- Title screen
- Developer: Chart Top Design
- Publisher: Tikkurila
- Platform: Commodore 64
- Release: 1986
- Genre: Action
- Mode: Single player

= Painterboy =

1986 video game

Painterboy is a game for Commodore 64. Released in 1986, it is one of the first advergames produced in Finland. The game advertises paints from Finnish paint company Tikkurila. It is based on "Father and Son" characters from Tikkurila's TV advertisements of the time, though somewhat caricatured compared to the advertisements, which had actors.

== Gameplay ==

The game is divided into two sections: driving and painting.

In the driving part, the objective is to drive from the office to the house to paint and back. First, the player needs to pick a correct paint to paint the house with; a wrong choice (such as oil paint for a concrete building) will result in a chastisement from the Father. Driving is straightforward and is shown from above; the target building shows up in the game map, highlighted with Tikkurila's logo, and the compass shows where to drive. Driving off the road, colliding with a building, or getting run over by a train will make the player lose a life.

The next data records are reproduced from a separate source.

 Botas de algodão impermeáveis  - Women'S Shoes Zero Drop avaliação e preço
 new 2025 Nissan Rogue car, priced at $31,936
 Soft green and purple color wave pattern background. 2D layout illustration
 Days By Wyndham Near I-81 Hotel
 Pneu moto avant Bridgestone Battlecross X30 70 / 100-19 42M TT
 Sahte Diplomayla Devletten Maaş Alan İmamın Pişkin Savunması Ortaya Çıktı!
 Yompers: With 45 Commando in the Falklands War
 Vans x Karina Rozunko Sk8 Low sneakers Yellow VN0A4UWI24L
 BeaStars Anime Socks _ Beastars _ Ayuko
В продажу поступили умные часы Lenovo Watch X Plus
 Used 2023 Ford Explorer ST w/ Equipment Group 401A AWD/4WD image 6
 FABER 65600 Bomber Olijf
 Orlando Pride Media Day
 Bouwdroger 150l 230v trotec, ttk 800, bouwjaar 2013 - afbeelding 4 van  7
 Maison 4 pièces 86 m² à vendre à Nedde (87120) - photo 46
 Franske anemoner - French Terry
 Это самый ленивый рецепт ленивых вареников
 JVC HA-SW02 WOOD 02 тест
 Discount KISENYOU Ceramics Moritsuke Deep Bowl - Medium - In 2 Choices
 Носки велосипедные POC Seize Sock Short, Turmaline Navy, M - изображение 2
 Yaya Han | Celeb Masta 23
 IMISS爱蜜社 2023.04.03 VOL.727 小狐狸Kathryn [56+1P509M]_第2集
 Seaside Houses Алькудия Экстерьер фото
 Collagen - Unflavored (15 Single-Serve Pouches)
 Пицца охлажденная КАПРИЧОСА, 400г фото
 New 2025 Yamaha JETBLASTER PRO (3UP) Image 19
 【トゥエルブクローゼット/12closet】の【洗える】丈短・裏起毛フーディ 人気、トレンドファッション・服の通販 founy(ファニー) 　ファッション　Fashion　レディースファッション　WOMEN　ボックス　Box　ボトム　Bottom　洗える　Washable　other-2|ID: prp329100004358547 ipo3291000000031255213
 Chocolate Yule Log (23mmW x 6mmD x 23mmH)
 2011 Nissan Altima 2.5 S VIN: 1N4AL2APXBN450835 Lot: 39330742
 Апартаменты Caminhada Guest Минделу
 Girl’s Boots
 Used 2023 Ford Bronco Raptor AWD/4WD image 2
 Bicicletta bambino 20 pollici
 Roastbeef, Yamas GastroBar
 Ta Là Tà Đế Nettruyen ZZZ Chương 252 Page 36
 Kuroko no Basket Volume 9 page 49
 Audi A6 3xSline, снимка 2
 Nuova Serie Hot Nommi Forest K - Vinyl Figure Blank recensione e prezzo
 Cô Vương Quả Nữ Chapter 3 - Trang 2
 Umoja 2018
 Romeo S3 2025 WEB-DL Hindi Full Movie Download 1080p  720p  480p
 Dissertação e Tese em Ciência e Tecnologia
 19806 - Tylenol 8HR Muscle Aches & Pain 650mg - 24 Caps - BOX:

In the painting section, the player controls the Son, painting various sections of the building. The player must avoid painting any undesired things, such as dogs, birds, the Father, and the Girl Next Door.

== Availability ==
The retail price for the game was 67.00 mk for tape version and 69.00 mk for diskette (nominally about 11 €). The game was only available through mail order from Chart Top Design, the developer of the game.